▶ **Task prompt**
What the answer must hold is the line containing "Cuisine moderne ouverte" and all lines after it through the end of the listing, copied exactly, with pictures left out.

▶ **Dataset content**
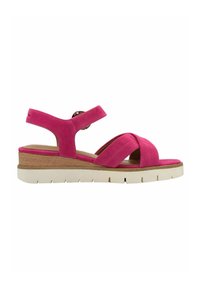 Sandal in suede rosa con cinturini incrociati e cinturino alla caviglia regolabile, caratterizzato da un tacco a blocco in legno, suola in gomma e plantare testurizzato.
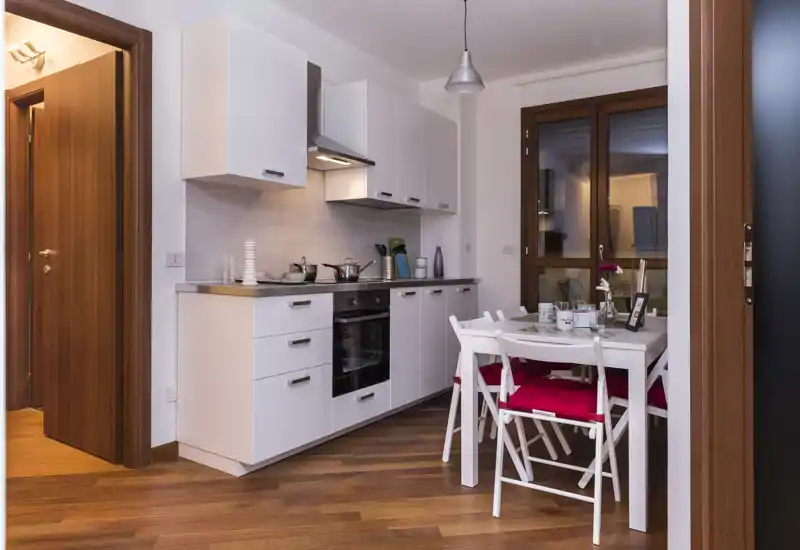Cuisine moderne ouverte avec meubles blancs, four encastré et une petite table à manger équipée de chaises avec coussins rouges — espace lumineux et bien mis en scène, parfait pour un couple ou une petite famille.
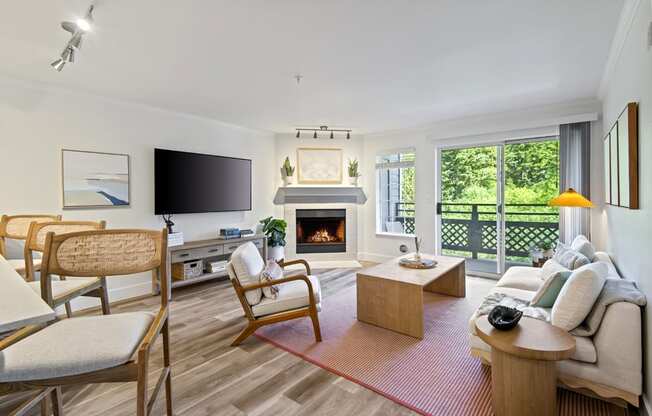 a living room with a fireplace and a television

▶ **Response below**
Cuisine moderne ouverte avec meubles blancs, four encastré et une petite table à manger équipée de chaises avec coussins rouges — espace lumineux et bien mis en scène, parfait pour un couple ou une petite famille.
 a living room with a fireplace and a television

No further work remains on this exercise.